Sunday, October 17, 2010

Roasted Pear Salad with Chèvre and Fig Vinaigrette

I made this salad three times already. It is really good.

4 Bosc, Comice, Concorde or Bartlett pears, halved and cored
8 tsp, plus 2 Tbs fig jam, divided
5 oz soft goat cheese, cut into 8 slices
1 Tbs olive oil, plus more for drizzling, divided
2 Tbs lemon juice
1/2 tsp Dijon mustard
4 cups watercress or baby arugula
1/2 small red onion, thinly sliced
1/4 cup chopped toasted walnuts or pecans

1. Preheat oven to 375F. Place pear halves cut-side up in 2 large baking dishes.

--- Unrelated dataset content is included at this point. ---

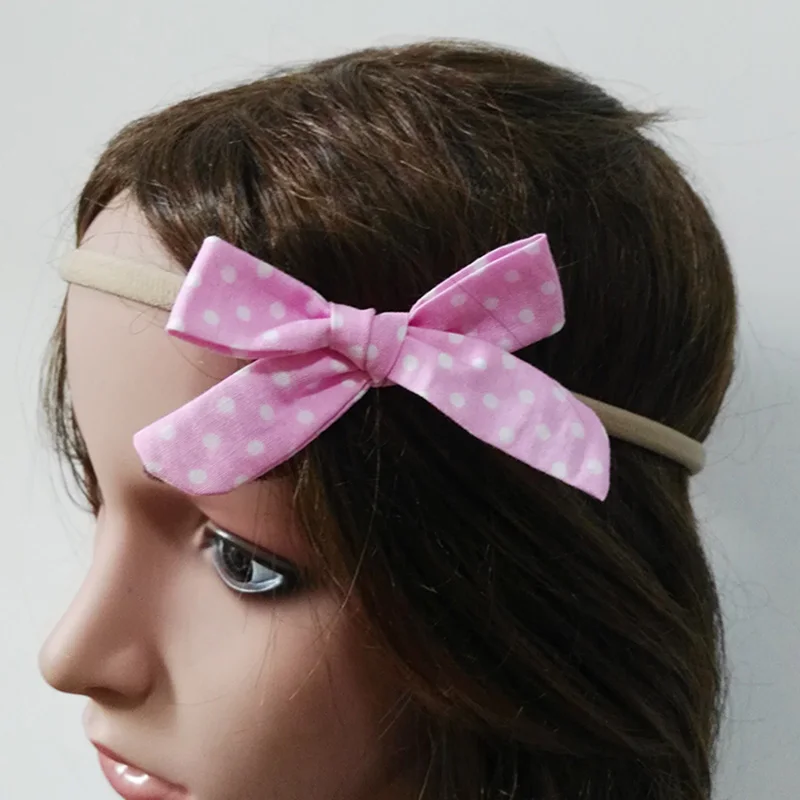 Lovely Dots Hair Bows Nylon Headband for Kids Cotton Fabric Bow Elastic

2. Spoon 1 tsp jam in center of each pear half. Top with goat cheese rounds, and lightly drizzle with oil. Bake pears 30 minutes, or until cheese begins to brown.

3. Whisk together remaining 2 Tbs fig jam, lemon juice and mustard in bowl. Whisk in 1 Tbs olive oil.

4. Divide watercress among 8 serving plates. Sprinkle with onion and nuts. Top each with pear half, and drizzle with dressing.

VT, Oct. 10

Friday, October 15, 2010

Maple-Date Bars

I made these delicious bars when my parents came to visit, in Nov. 2009, in Comox BC. These are a repeaters.

1 3/4 cups finely chopped pitted dates (about 12 ounces)
3/4 cup water
1/3 cup maple syrup
1 teaspoon grated lemon rind
2/3 cup sugar
1/2 cup butter, softened
1 cup all-purpose flour (about 4 1/2 ounces)
1 cup regular oats
1/4 teaspoon baking soda
1/4 teaspoon salt
Cooking spray

Combine dates, water, and maple syrup in a heavy saucepan over medium heat. Bring to a boil; cook 12 minutes or until most liquid is absorbed, stirring frequently. (Mixture will look like jam.) Stir in rind; cool completely.

Preheat oven to 400°.

Beat sugar and butter with a mixer at medium speed until smooth. Lightly spoon flour into a dry measuring cup; level with a knife. Combine flour, oats, baking soda, and salt. Stir flour mixture into sugar mixture (mixture will be crumbly). Press 2 cups flour mixture into bottom of a 13 x 9-inch baking pan coated with cooking spray. Spread date mixture over flour mixture. Sprinkle with remaining flour mixture. Bake at 400° for 20 minutes or until golden brown. Cool completely in pan on a wire rack.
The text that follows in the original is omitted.